Il bambino che sta leggendo la storia rimane estasiato da questa apparizione perché lo immagina alto due metri, gigantesco, e prova una punta di delusione quando vede che le illustrazioni raffigurano una creatura non più grande di una volpe. È probabile che il bambino si trovi a scuola, perché questo racconto di Miyazawa Kenji (Le ghiande e il gatto selvatico) venne incluso dal secondo dopoguerra nelle antologie scolastiche giapponesi, ma è anche possibile pensare al piccolo Hayao nella casa di campagna a Utsunomiya in cui visse alcuni anni, mentre la madre malata di tubercolosi era ricoverata in ospedale, proprio come nel film la madre di Satsuki e Mei.

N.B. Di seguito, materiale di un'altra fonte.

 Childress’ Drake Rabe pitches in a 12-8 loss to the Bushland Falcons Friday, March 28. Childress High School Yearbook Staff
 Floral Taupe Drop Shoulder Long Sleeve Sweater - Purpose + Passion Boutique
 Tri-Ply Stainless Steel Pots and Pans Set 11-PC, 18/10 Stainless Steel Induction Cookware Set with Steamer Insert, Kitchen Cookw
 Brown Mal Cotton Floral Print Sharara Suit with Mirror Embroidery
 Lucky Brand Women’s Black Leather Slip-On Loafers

Una pagina di Le ghiande e il gatto selvatico, primo racconto della raccolta di Miyazawa Kenji Chūmon no ōi ryōriten (“Un ristorante pieno di richieste”, 1924), illustrata da Kikuchi Takeo.

Il Gatto Selvatico che in questa scena surreale fa da giudice per la disputa delle ghiande parrebbe uscito dalla penna di Lewis Carroll, più che dalla moderna letteratura per l’infanzia giapponese di inizio ‘900, ma quando si siede tronfio davanti al bambino, quest’ultimo «non poté fare a meno di pensare che sembrava proprio un’immagine del Grande Buddha di Nara», un altro dettaglio che col tempo deve essersi sedimentato nella coscienza di Hayao. Anche nello sguardo assorto e nell’aria imperturbabile di Totoro, in effetti, Miyazaki riconobbe un aspetto fondamentale della sua caratterizzazione, fin dal momento in cui, attorno alla metà degli anni ’70, cominciò a elaborare dei disegni per un progetto di libro illustrato che sarebbe poi confluito nel film.

Disegni preparatori per un progetto di libro illustrato, dal volume Hayao Miyazaki Image Board (1983).

«Il Totoro che disegnavano gli altri non era mai somigliante» ricorda il regista, in quanto «tutti lo disegnavano con un’espressione come se stesse guardando qualcosa». Al contrario, lo sguardo di Totoro non è rivolto a nulla in particolare perché abbraccia ogni cosa, il che rende la sua presenza misteriosa e vagamente ieratica, sempre rassicurante, mai minacciosa. E anche nel suo sorriso, poi accentuato nella geniale invenzione del Gattobus, più che il ghigno arguto del Chesire Cat carrolliano rivive il riso bonario e semplice caro al folklore giapponese, il sorriso degli sciocchi, dei monaci e degli dei.

Totoro non si esprime per mezzo di enigmi; a differenza del Gatto Selvatico non è un animale parlante, ma uno spirito silenzioso, i cui unici versi sono vocalizzi profondi. Il suo linguaggio è già lo scroscio della pioggia e il soffio del vento nelle inquadrature silenziose che modulano la storia, un respiro benevolo e ancestrale pronto a manifestarsi alle giuste condizioni. È stato notato il legame tra il film e un’antica fiaba di ispirazione buddhista, I Jizō con il cappello di paglia, incentrata sul valore della compassione e su uno scambio simbolico paragonabile al dono dell’ombrello che Satsuki presta a Totoro. Quando la piccola Mei si perde e si ferma a un crocevia, in effetti, le sei statue di Jizō che la proteggono prefigurano in silenzio il lieto fine, l’arrivo imminente del gigante amico.